» **Try it**
Below are the records; repeat exactly their lines between the line holding "Classificar o clipe de áudio selecionado" and the line holding "Indoor Training on", inclusive, skipping the pictures.

» **Provided material**
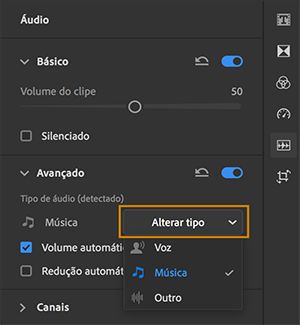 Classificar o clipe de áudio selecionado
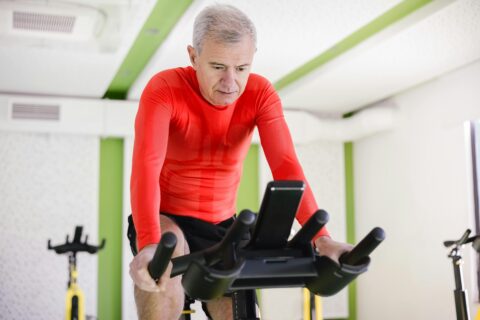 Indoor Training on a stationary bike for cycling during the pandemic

---

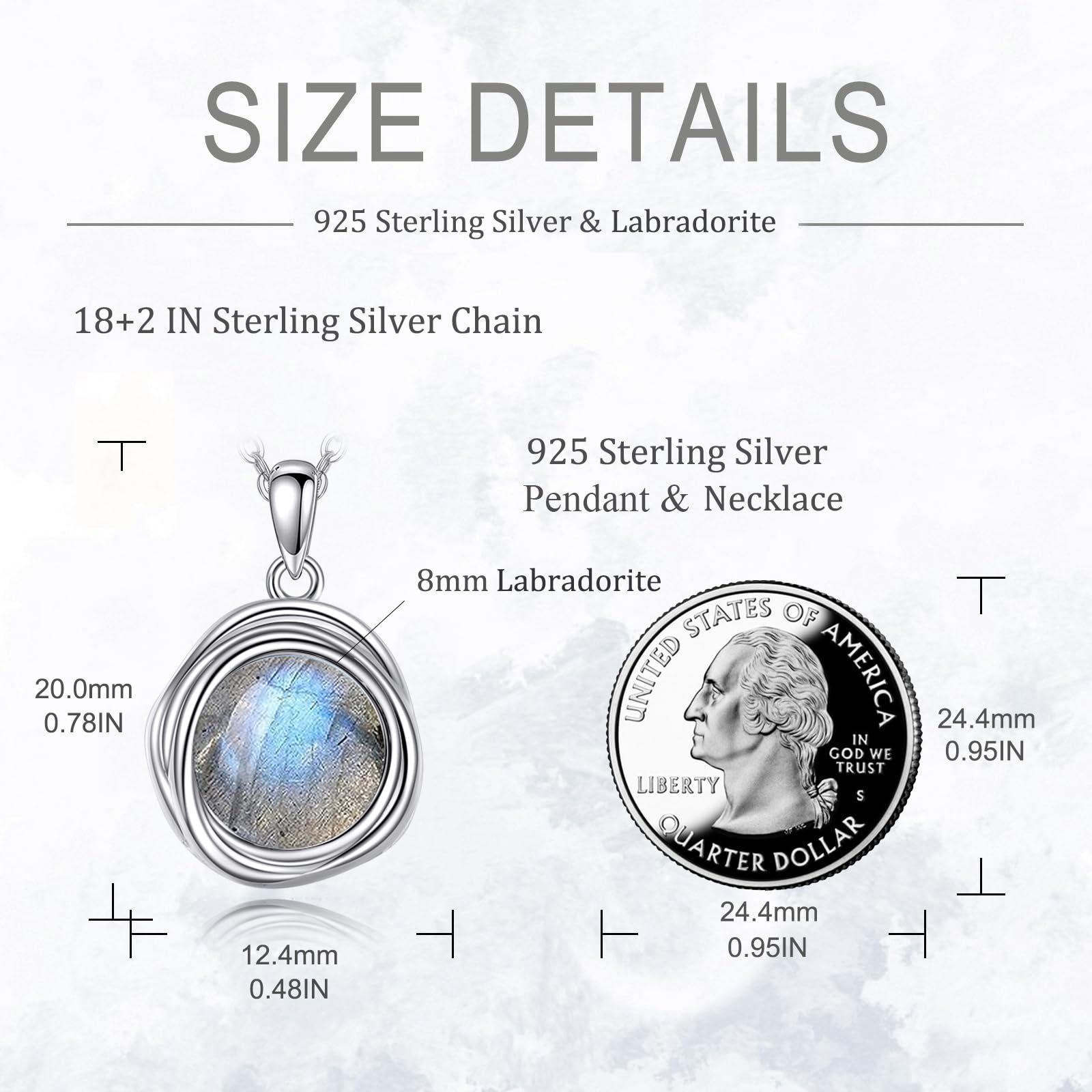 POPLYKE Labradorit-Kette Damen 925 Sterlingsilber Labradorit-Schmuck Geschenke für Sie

--

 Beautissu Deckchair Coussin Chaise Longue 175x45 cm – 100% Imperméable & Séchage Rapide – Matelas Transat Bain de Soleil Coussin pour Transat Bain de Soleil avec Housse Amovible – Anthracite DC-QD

» **Exercise result**
 Classificar o clipe de áudio selecionado
 Indoor Training on a stationary bike for cycling during the pandemic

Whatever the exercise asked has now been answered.